ACTIVITY
Could you set down only the lines from the one including "Mitsubishi Outlander PHEV vaihtoauto" to the end of the records below, inclusive and exact, leaving pictures out?

Captioned web images
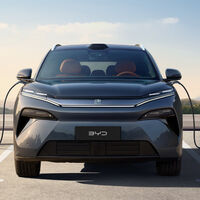 China nos distrajo con sus autos eléctricos baratos, pero su éxito viene de vendernos los autos a gasolina que ya no compran fácilmente en su país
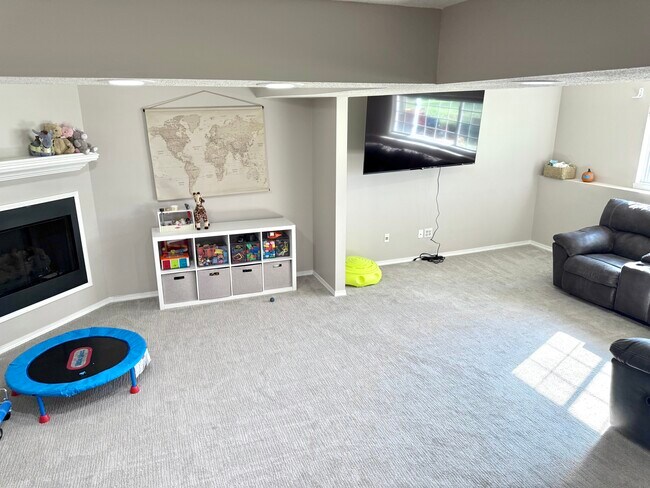 Building Photo - 421 Stoney Point Cir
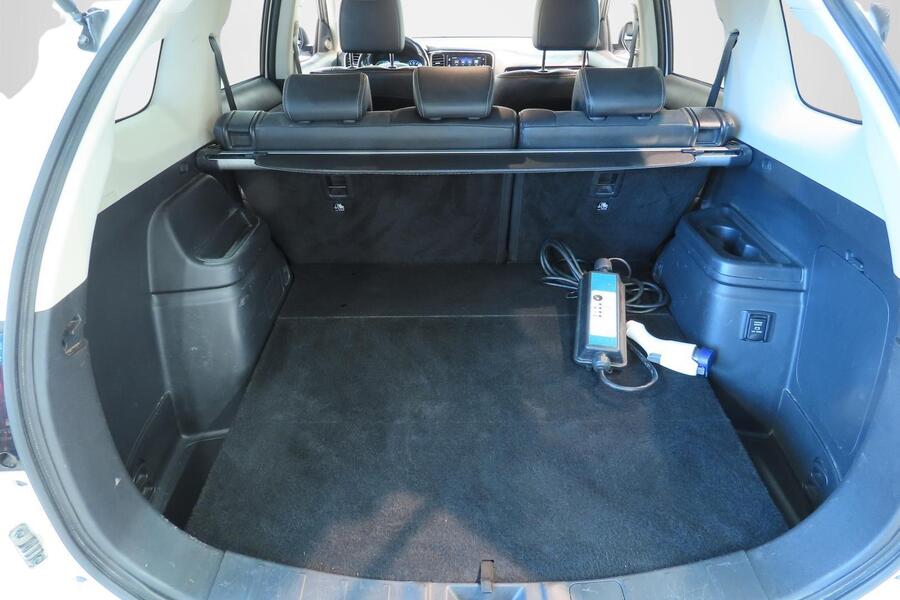 Mitsubishi Outlander PHEV vaihtoauto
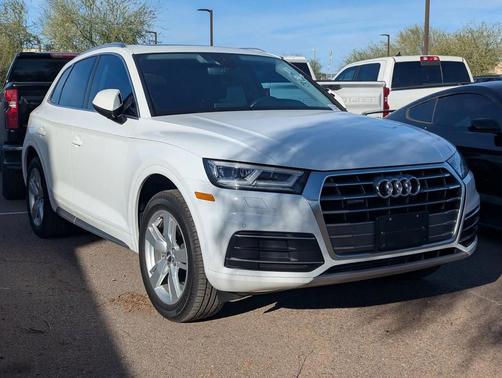 2019 Audi Q5 2.0T Premium Plus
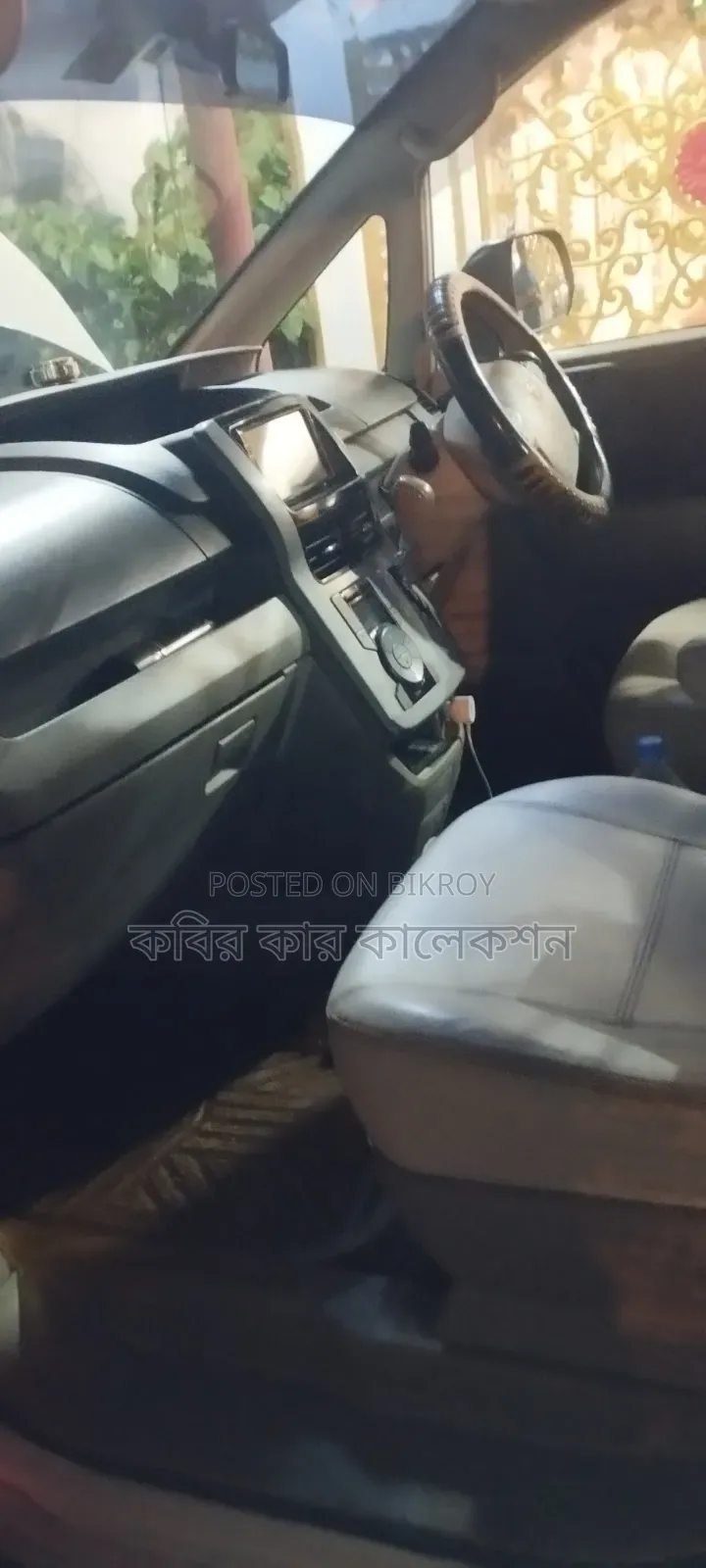 টয়োটা নোয়া ২০১০ পার্ল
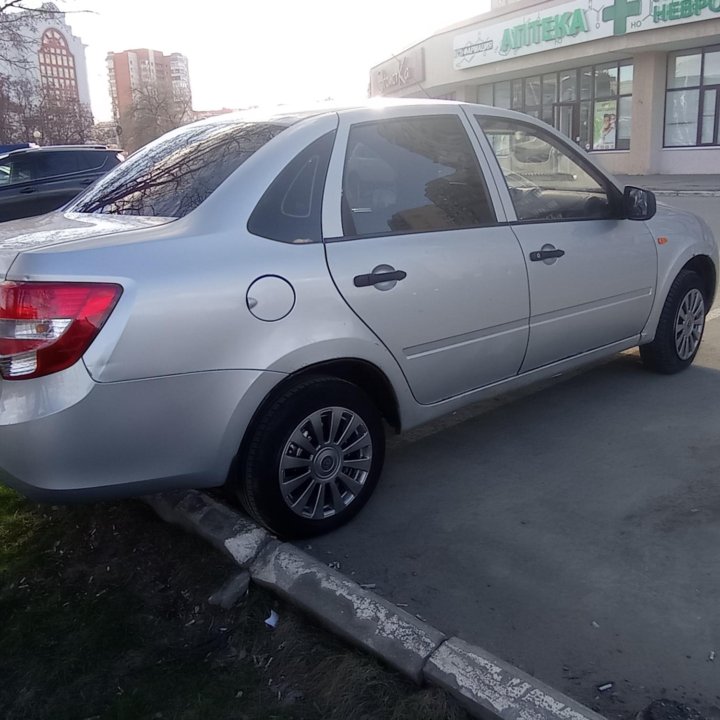 ВАЗ (Lada) Granta, 2012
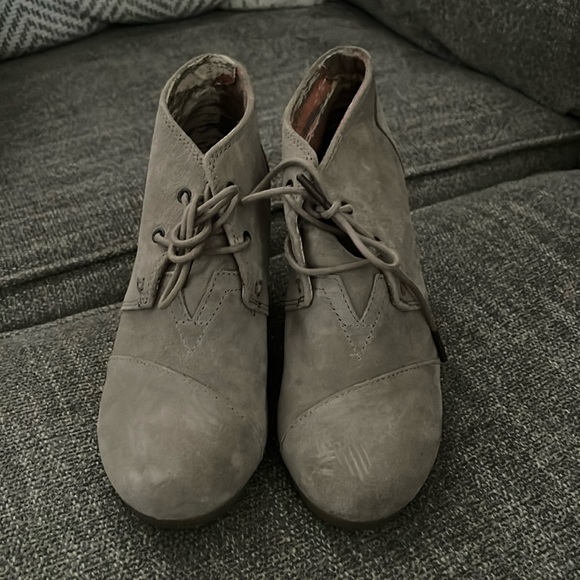 Tom’s wedge ankle Colette boot - Picture 1 of 4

WRITTEN RESPONSE
 Mitsubishi Outlander PHEV vaihtoauto
 2019 Audi Q5 2.0T Premium Plus
 টয়োটা নোয়া ২০১০ পার্ল
 ВАЗ (Lada) Granta, 2012
 Tom’s wedge ankle Colette boot - Picture 1 of 4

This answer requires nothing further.